David Marchick headshot

David Marchick

David Marchick is a retired executive from the Carlyle Group serving in a volunteer role as director of the Center for Presidential Transition at the Partnership for Public Service. He is also an adjunct professor at the Tuck School of Business at Dartmouth as a senior of counsel at the firm Covington & Burling. He also serves on a number of corporate and non-profit boards of directors. Marchick spent 12 years at the Carlyle Group and most recently served as managing director and global head of external affairs and as a member of Carlyle’s management committee. He led Carlyle’s regulatory and government affairs, communications and branding, and sustainability efforts. 

Kathryn Dunn Tenpas headshot

Kathryn Dunn Tenpas

Kathryn Dunn Tenpas is a nonresident senior fellow with Governance Studies at the Brookings Institution, senior research director for the White House Transition Project, a fellow with the Center for Presidential Transition at the Partnership for Public Service, and secretary of the Governance Institute. Tenpas is a scholar of the American presidency focusing on White House staffing, presidential transitions, and the intersection of politics and policy within the presidency (e.g., presidential reelection campaigns, trends in presidential travel, and polling).

William Antholis headshot

William Antholis (moderator)

William Antholis serves as director and CEO of the Miller Center.

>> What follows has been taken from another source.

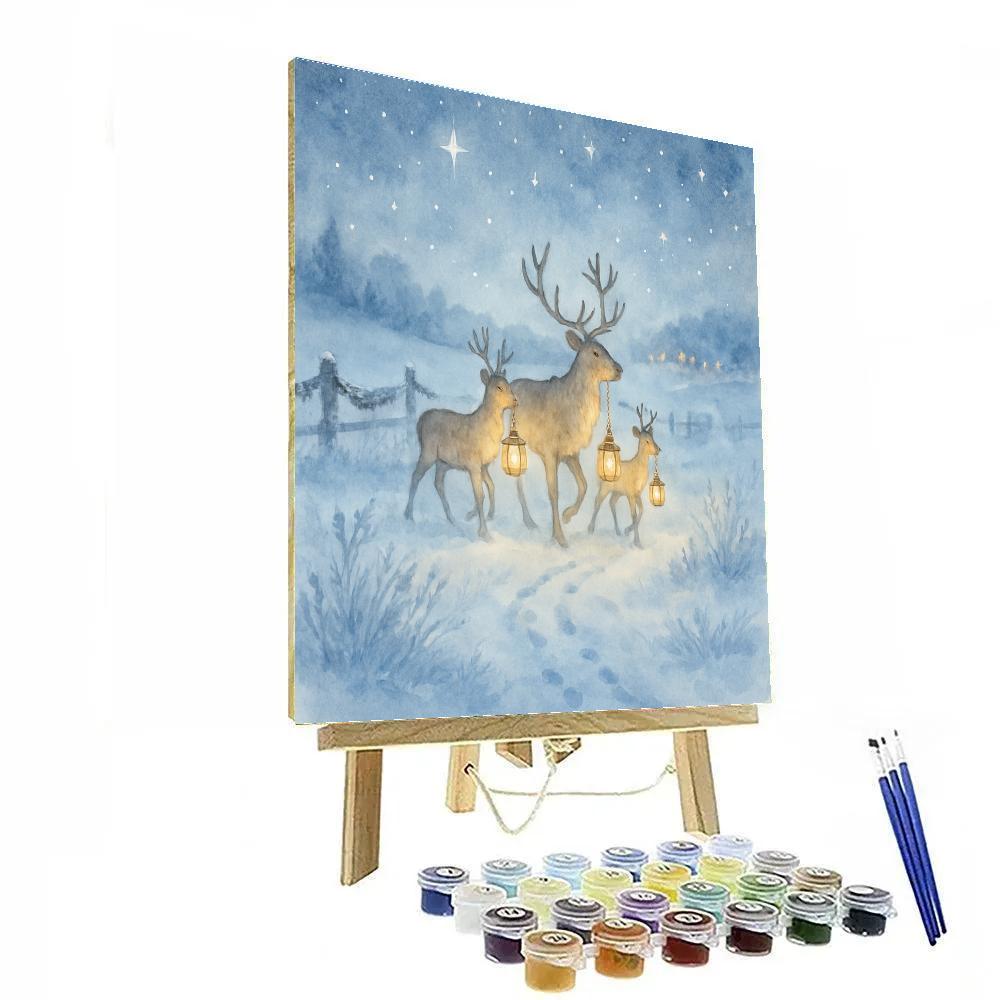 Reindeer Meadow Lantern Walk Number painting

Immediately prior, he was managing director at The Brookings Institution, and from 1995 to 1999 he served in government. At the White House, he was director of international economic affairs on the staff of the National Security Council and National Economic Council, where he served as the chief staff person for the G8 Summits in 1997 and 1998. Antholis is the author of Inside Out India and China: Local Politics Go Global and, with Strobe Talbot,Fast Forward: Ethics and Politics in the Age of Global Warming.

Mary Kate Cary headshot

Mary Kate Cary (moderator)

Mary Kate Cary, a Miller Center practitioner senior fellow, served as a White House speechwriter for President George H. W. Bush from 1989 to early 1992, authoring more than 100 of his presidential addresses. She also has ghostwritten several books related to President Bush’s life and career and served as senior writer for communications for the 1988 Bush-Quayle presidential campaign.

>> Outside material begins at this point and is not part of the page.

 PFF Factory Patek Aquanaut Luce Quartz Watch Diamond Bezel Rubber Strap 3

Today, Cary is asked to write speeches, presentations, and reports for a variety of national political, corporate, and nonprofit leaders. Her assignments have included State of the Union responses, Republican National Convention addresses, and TED talks. She served as founding managing editor of the daily political news service The Hotline, as a staffer at ABC News’ This Week with David Brinkley, and as a columnist at U.S. News & World Report.